Thursday, December 4, 2014

You know...You really are an asp.



A while ago, I was a member of an art collective.  I was asked to join though I don't consider myself and artist in the contemporary sense.  I am more an artist in the there were guilds and apprenticeships and decades of training leading to work for royalty and the church sense.  Like Michelangelo.  The stone carver.  Or maybe like Lorenzo Ghiberti.  Only less bronze....and other stuff.  The thing is, most artisans didn't sign their work so I can't give you an exact example. 

Anyway, once a year the collective, which turned into a center to enhance somebody's resume, had a juried members show.  I was a member.  I paid my dues.  I entered the shows.  My piece was usually chosen to be included in the show.  I have a theory about why this was, but that is another story.  Sometimes my stuff, or work in the vernacular, doesn't strike the amateur art critic as art. 

I had a show in a government rotunda once, and during the opening reception some guy asked my parents what made my stuff art.  Naturally they called  me over so he could ask me directly.  I told him it wasn't.  Yeah.  Now that I think about it, that was graceless. 

Really though, the things I make don't belong under Plexiglas shields.  They should be used and touched and held and.....used mostly.

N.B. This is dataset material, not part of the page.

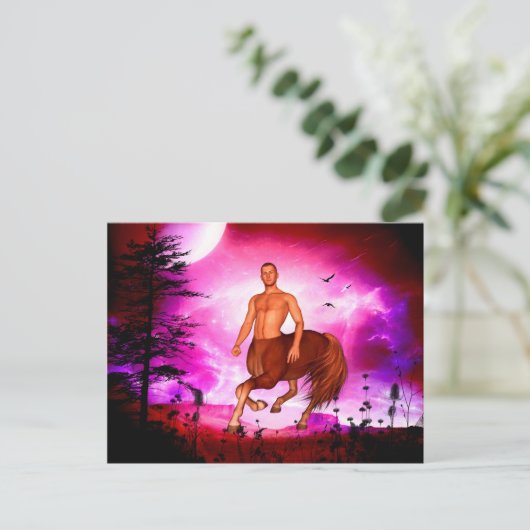 Carte Postale Centaur (Debout devant)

Okay, so back to the juried show at the art collective which no longer wanted me once it became a center.  Again it was at the opening reception...I overheard a guy tell his companion that the only reason I made the type of things I make is that I am not capable of figurative work.  -------------------------------------------  I can see now that I should avoid opening receptions.  

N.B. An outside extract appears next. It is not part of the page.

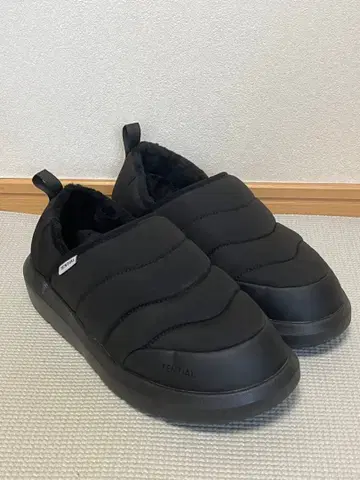 TENTIAL 회복 샌들 블랙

The next juried member show I entered this.

Forged steel finger

I can comment on the human condition as well as the next guy.  I can't actually sell it, however, because it has no use except maybe as a reminder that no matter what you do there is always someone who thinks it isn't a conscious choice.  That you do what you do because you can't do what you really want to do.  Actually, sometimes this is true. 
My model.  Isn't she beautiful?

This time I made a conscious choice to do something figurative.  I actually think it made the choice. I just did what the metal asked.  Yeah I know .... whooo whooo

When I first started out trying to smith, I didn't think pipe could be forged in basically the same way as solid bar.  I had a buddy, who is a fine smith, and he encouraged me to try it.  ( He's still my good buddy.  I knew you were worried. )  It made me incredibly happy to find out that you could move tubing in the same way that you moved solid bar.  This revelation created new possibilities.  Larger diameter with less weight.  It also created a solution in  this case.  I don't know if you know this but, just like clothing fashion, home fashion has fads.  The result is leftover materials.  I have a pile of 1/2" pipe ends.  Less than 6' long.   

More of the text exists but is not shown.